• **Records for the task**:
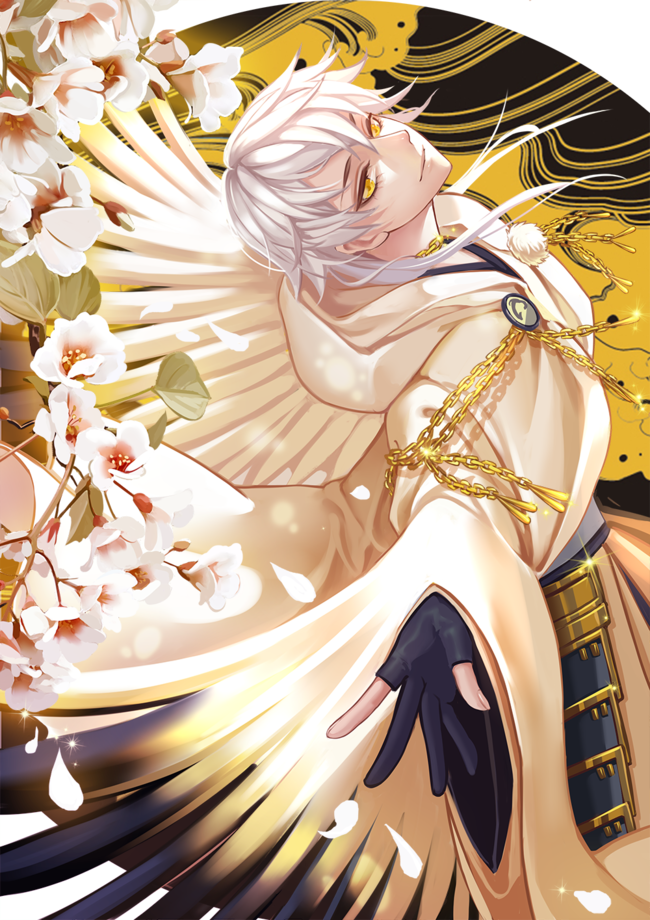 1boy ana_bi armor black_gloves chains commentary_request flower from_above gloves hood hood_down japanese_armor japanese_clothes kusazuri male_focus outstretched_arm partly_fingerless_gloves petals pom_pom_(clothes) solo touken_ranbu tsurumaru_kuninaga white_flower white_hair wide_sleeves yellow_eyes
--
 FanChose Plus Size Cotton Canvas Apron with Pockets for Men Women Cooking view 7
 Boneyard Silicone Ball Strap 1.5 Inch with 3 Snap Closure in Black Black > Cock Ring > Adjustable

• **Assigned task**:
Given the records above, reproduce precisely and only the lines between the line holding "FanChose Plus Size" and the line holding "Boneyard Silicone Ball", inclusive.

• **Your solution**:
 FanChose Plus Size Cotton Canvas Apron with Pockets for Men Women Cooking view 7
 Boneyard Silicone Ball Strap 1.5 Inch with 3 Snap Closure in Black Black > Cock Ring > Adjustable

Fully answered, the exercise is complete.